◆ Exercise requirements: Start the copy at the line holding "#shorts #short NBA" and continue it exactly through the last line of the entries, leaving out pictures and anything else.
Recorded information START
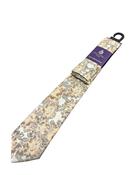 7.5cm Flower Tie &amp; Pocket Square - Silver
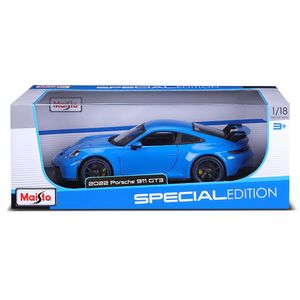 מאיסטו - מכונית פורשה כחול  - Maisto 1:18 Porsche 911 GT3 Coupe 2022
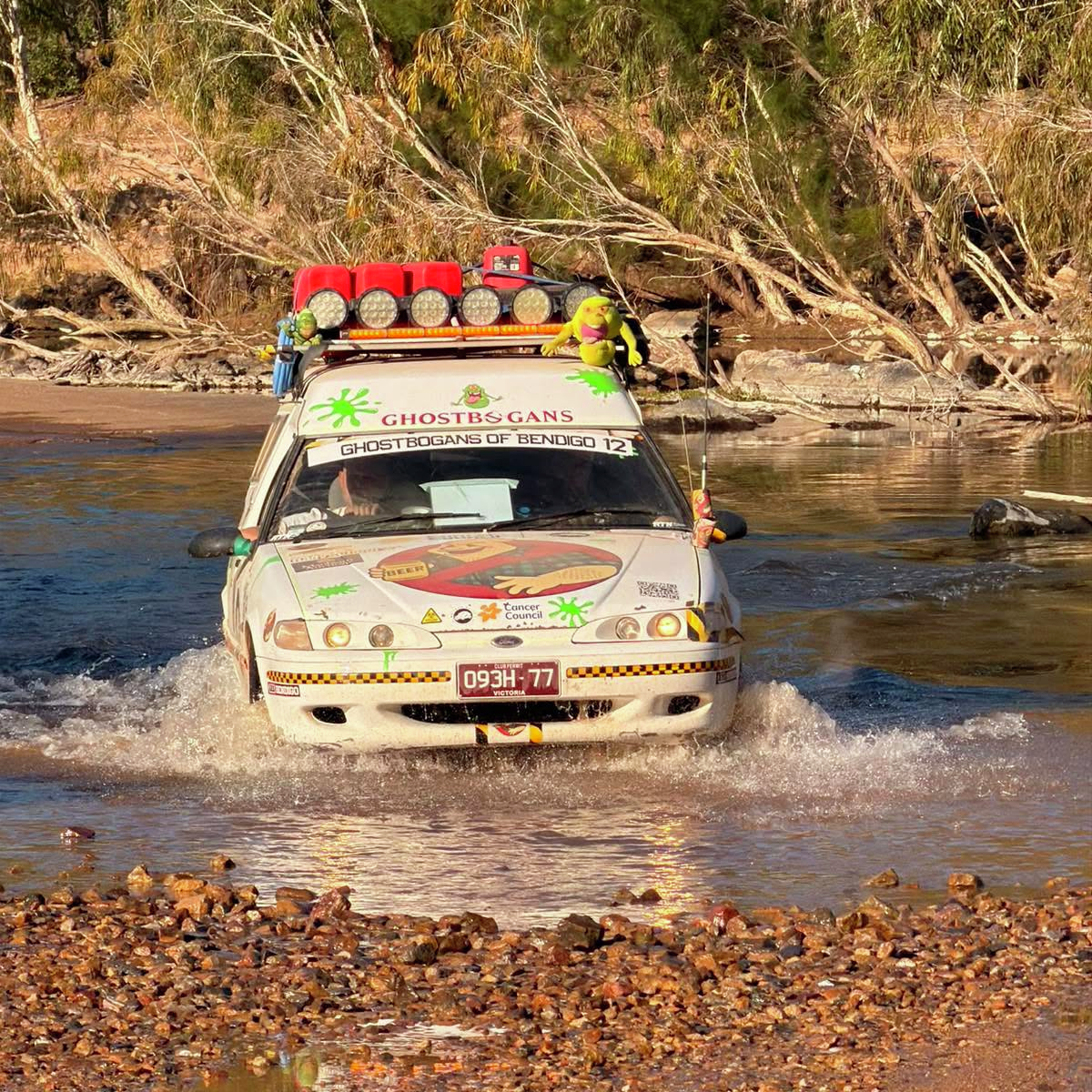 The Central Victorians hitting the road for The Shitbox Rally episode artwork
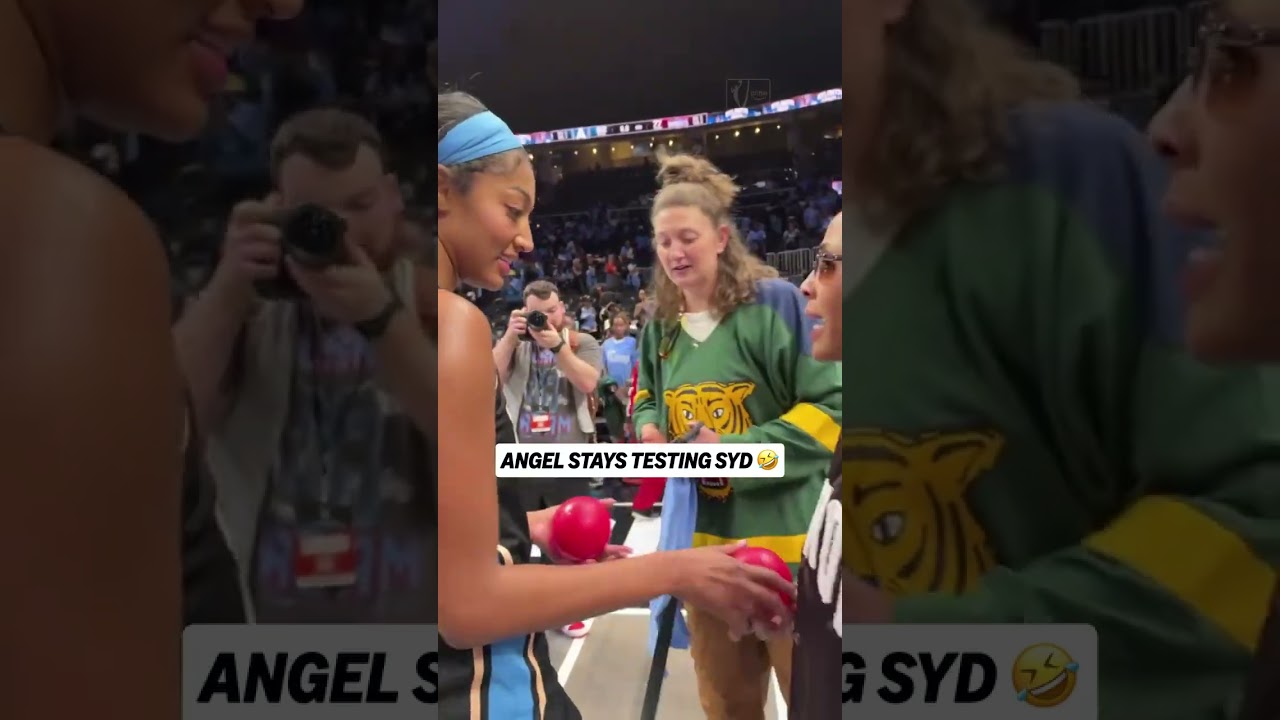 😂 Angel Reese always testing Syd | Atlanta Dream WNBA playoffs women's basketball #shorts #short NBA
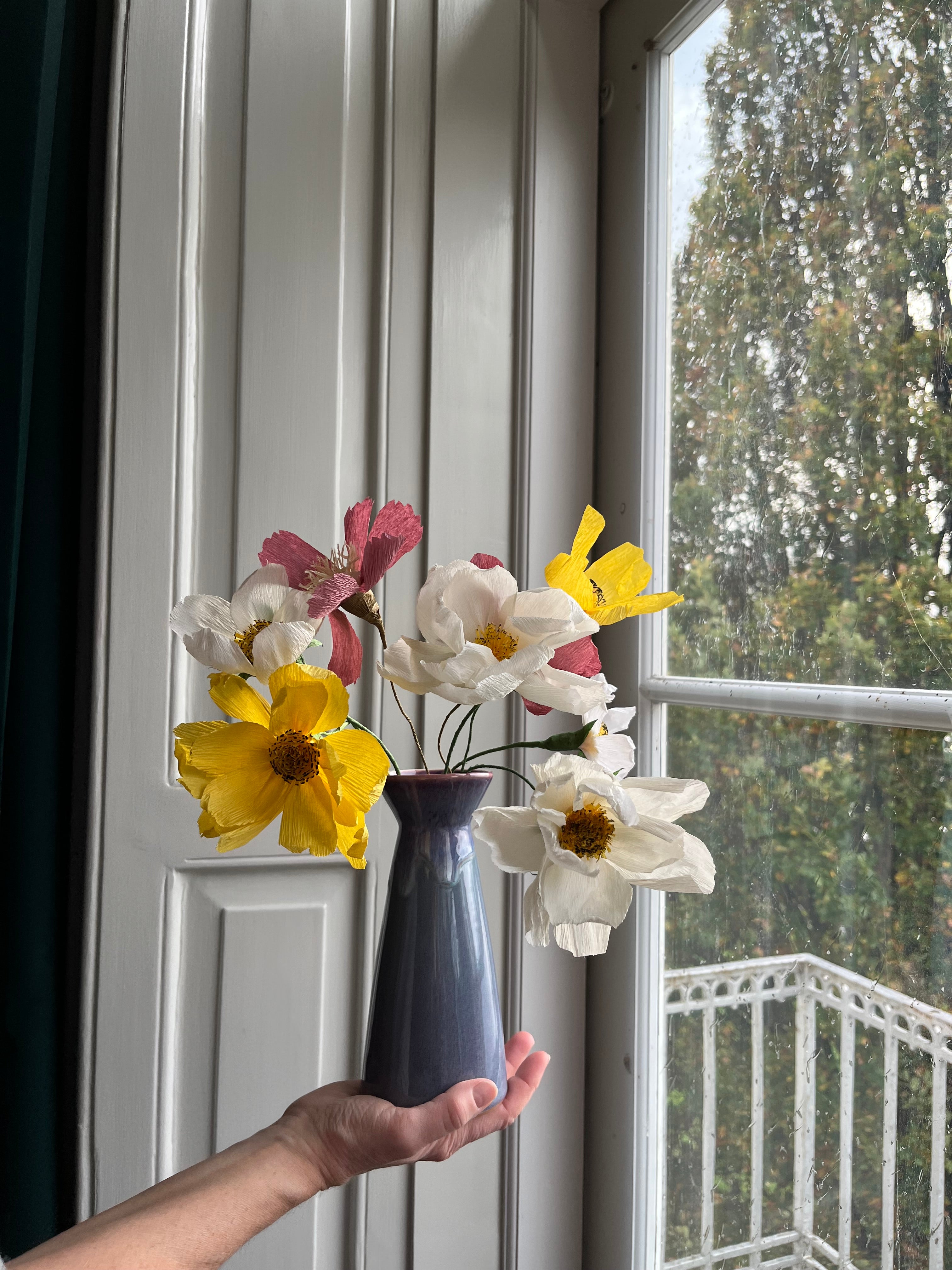 Paper Flower Evighedsbuket i Skandinavisk Interiør - Tidløs Elegance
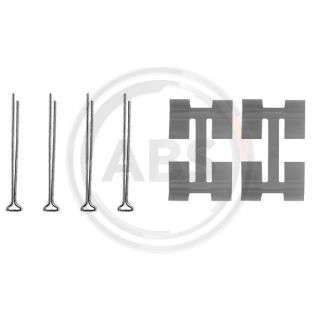 Priedų komplektas, diskinių stabdžių trinkelės A.B.S. 0972Q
Recorded information END
◆ Answer to this problem:
 😂 Angel Reese always testing Syd | Atlanta Dream WNBA playoffs women's basketball #shorts #short NBA
 Paper Flower Evighedsbuket i Skandinavisk Interiør - Tidløs Elegance
 Priedų komplektas, diskinių stabdžių trinkelės A.B.S. 0972Q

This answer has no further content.